## SUPPLIED DATA
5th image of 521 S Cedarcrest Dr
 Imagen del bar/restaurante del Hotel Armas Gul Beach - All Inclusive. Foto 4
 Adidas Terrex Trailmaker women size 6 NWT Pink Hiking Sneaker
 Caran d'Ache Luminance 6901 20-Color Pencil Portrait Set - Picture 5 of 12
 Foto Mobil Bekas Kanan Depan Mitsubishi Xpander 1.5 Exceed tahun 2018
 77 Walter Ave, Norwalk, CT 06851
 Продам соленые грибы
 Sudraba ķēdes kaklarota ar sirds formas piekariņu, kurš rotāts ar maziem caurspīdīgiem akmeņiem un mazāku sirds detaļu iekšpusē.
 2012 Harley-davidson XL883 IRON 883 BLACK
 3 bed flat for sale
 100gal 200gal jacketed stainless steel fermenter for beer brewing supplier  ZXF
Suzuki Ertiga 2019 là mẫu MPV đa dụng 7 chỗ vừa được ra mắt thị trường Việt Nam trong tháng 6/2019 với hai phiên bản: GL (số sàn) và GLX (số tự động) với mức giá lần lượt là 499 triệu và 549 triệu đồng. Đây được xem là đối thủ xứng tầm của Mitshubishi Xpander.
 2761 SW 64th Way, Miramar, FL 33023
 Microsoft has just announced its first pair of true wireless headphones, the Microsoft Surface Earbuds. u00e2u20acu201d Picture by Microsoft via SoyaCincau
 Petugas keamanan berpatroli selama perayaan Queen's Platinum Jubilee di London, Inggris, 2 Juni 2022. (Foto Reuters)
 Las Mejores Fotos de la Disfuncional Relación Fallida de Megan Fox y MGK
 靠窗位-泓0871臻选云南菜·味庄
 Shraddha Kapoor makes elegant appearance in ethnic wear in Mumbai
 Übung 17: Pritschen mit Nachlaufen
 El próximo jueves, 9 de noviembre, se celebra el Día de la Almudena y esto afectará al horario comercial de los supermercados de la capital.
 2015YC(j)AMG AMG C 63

## EXERCISE BRIEF
Take from the material every line that holds "Picture".

## ANSWER SECTION
 Caran d'Ache Luminance 6901 20-Color Pencil Portrait Set - Picture 5 of 12
 Microsoft has just announced its first pair of true wireless headphones, the Microsoft Surface Earbuds. u00e2u20acu201d Picture by Microsoft via SoyaCincau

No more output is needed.